Brook
Waterjet Delicia: the revolutionary potential of waterjet cutting in the world of pastry
Brook Food & Bakery Equipment, distributor of machinery for the food sector in the United Kingdom, has finalised the agreement to exclusively represent Waterjet Corporation’s Gourmet Line on the British market. This strategic choice has highlighted the great application potential of Waterjet technology in the Food industry and, in particular, of the Delicia model that the distributor has decided to launch on the occasion of the prestigious Foodex fair, the central trade fair for the food sector in the United Kingdom.

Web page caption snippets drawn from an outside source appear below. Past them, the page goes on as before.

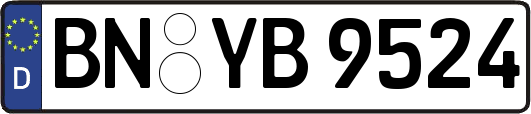 BN-YB9524
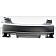 DuraFlex Bumper Cover Plain  Bomber Fiberglass - 103305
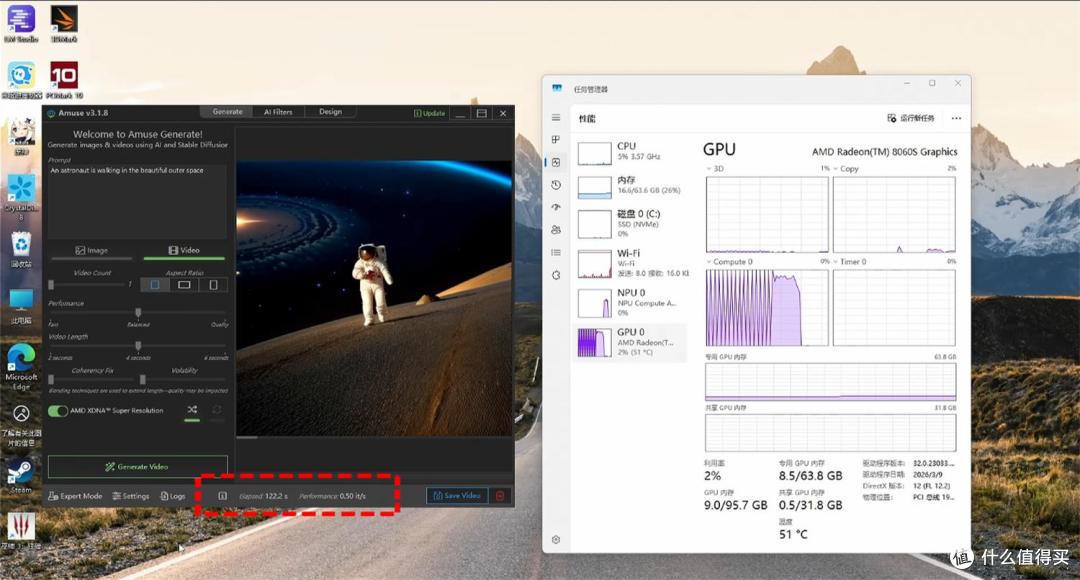 E 人 E 本 EBOX G95 深度评测:AI工作站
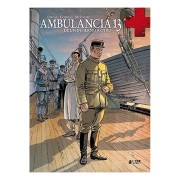 AMBULANCIA 13 VOL. 4. DE UN INFIERNO A OTRO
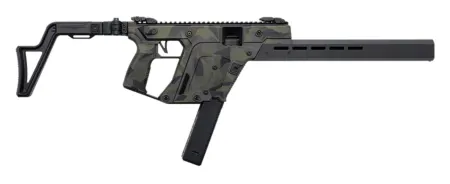 KRISS KV90-3CWD00   VECTOR CRB G3 9MM   16 WOODLND
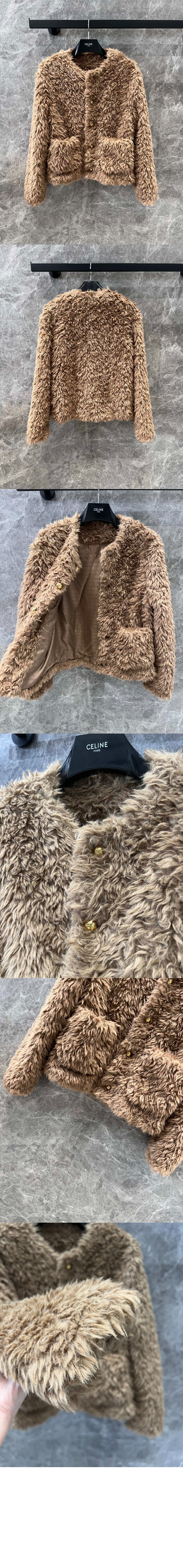 미러급레플리카사이트 | 명품레플리카 전문 쇼핑몰  | 퍼스트원 - 느 모헤어 부클레 가디건 베스트 &gt; 셀린느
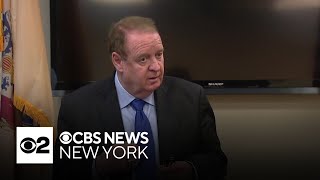 Richard Codey, New Jersey's longest-serving legislator, dies at age 79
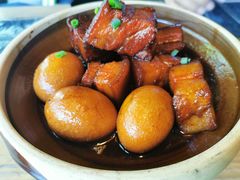 -院子餐厅·大锅菜·老杭帮(桥西直街店)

“The fact that a distributor like Brook Food, which is the backbone of the British market, has included Delicia in its catalogue indicates the existence of an important potential demand made up of customers willing to invest in this machine” comments Daniele Portoso, who spoke as a guest at the Brook food stand at Foodex last April.
The collaboration between Brook Food and Waterjet Corporation originated during the Sigep fair in Rimini, where Waterjet Corporation presented the range of waterjet cutting machines for food, including Delicia.
It is precisely in that context that the decision was born to collaborate exclusively for the British market, recognising the value and capabilities of Waterjet machines in the food sector.
Brook Food participated in the Foodex fair in Birmingham, which took place from 24 to 26 April, and invited Daniele Portoso of Waterjet to participate, to present and form a sales network on the countless potentials offered by Delicia. Brook Food’s sales representatives were particularly impressed by the extraordinary capabilities of this cutting machine in the patisserie world.
In the patisserie sector at a professional level, there are currently two cutting technologies: the manual cutter-type machine for soft mass products and ultrasonic technology where the ultrasonic vibration of the blade allows only longitudinal cutting.
While the manual machine is cheap but less precise, ultrasonic technology is a step forward, but it can be limited in the context of complex artistic works. If, however, in ultrasonic cutting it is possible to portion a food only according to pre-established geometric shapes, such as wedges or rectangles, thanks to water jet technology we can obtain artistic shapes and geometries with curvatures, in addition to parametrised “standard” geometric shapes.
The water cut, like the one offered by the Waterjet Delicia, offers exceptional versatility and responds to the creative demands of modern confectionery, while ensuring high productivity.
The Waterjet Delicia is therefore positioned as a revolutionary option in the patisserie sector, allowing precise and creative cuts on a wide range of food materials, as well as chocolate and frozen and hard mass products also with inserts of dried fruit and various grains. The interest shown by Brook Food in representing only Waterjet machines suggests an important potential for this new range of versatile Waterjet machines, precise and able to meet the needs of modern pastry chefs.